▶ [Input for this task]:
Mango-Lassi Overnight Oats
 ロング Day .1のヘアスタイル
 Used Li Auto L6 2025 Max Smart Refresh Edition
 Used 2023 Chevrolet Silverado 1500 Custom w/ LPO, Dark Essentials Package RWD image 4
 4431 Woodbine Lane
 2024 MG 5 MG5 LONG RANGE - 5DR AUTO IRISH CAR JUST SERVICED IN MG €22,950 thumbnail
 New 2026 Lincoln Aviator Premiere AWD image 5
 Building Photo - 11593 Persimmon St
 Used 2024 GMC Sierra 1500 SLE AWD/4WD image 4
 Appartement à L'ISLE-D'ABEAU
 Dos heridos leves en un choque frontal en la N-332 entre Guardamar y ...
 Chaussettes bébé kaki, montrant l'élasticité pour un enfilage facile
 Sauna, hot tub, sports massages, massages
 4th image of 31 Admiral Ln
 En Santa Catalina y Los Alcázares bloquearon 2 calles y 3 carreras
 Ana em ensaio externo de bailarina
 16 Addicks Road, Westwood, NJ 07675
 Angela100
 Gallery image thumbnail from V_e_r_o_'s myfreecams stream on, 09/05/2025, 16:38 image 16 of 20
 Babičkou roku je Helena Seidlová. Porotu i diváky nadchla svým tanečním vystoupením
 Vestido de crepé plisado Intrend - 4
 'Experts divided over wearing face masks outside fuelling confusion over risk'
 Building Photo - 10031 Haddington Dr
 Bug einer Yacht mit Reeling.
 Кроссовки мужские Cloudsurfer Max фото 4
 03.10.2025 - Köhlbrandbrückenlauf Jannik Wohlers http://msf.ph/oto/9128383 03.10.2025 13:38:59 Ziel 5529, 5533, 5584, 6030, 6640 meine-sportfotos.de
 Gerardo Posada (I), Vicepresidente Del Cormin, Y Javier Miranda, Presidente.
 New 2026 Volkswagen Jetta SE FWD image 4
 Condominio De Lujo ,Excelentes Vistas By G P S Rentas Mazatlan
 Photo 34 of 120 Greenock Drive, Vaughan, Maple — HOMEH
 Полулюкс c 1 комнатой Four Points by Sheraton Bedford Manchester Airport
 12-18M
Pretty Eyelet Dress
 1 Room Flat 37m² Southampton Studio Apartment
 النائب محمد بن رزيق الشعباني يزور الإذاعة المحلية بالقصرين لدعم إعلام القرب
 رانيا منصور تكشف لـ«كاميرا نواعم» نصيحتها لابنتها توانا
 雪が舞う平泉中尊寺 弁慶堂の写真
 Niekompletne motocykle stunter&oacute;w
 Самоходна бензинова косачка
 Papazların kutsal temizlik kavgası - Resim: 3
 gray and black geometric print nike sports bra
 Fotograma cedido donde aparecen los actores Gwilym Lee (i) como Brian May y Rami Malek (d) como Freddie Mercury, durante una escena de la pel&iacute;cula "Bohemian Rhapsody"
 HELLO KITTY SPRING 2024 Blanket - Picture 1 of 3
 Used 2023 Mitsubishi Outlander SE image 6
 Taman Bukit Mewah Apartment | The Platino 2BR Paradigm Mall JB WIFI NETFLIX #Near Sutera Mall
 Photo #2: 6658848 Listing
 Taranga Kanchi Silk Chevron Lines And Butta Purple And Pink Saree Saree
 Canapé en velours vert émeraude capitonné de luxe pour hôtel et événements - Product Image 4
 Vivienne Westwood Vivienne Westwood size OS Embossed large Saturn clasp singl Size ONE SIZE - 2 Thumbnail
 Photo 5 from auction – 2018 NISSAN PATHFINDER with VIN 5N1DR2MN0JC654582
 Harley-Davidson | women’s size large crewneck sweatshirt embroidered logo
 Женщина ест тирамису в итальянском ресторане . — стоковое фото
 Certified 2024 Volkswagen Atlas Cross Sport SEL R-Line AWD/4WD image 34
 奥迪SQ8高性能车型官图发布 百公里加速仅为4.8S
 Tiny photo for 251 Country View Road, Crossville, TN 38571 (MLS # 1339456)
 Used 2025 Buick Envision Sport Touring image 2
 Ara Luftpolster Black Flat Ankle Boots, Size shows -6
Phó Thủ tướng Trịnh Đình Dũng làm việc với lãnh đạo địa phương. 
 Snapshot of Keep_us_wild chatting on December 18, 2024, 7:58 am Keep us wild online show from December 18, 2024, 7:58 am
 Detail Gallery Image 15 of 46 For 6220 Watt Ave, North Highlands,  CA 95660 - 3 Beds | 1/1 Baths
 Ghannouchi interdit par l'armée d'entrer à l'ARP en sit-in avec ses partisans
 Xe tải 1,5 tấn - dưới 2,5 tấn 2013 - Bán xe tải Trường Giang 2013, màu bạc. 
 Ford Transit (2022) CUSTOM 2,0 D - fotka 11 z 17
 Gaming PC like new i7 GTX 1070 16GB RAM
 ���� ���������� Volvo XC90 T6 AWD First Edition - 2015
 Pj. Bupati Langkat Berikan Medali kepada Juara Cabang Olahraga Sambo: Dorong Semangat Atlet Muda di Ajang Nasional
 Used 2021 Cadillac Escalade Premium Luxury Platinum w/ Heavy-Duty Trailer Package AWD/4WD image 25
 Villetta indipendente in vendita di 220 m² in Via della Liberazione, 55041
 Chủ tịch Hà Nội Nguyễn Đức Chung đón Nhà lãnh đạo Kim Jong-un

▶ [Task to complete]: Gather up, from the records above, each line where the word "Road" appears.

▶ [Task result]:
 16 Addicks Road, Westwood, NJ 07675
 Tiny photo for 251 Country View Road, Crossville, TN 38571 (MLS # 1339456)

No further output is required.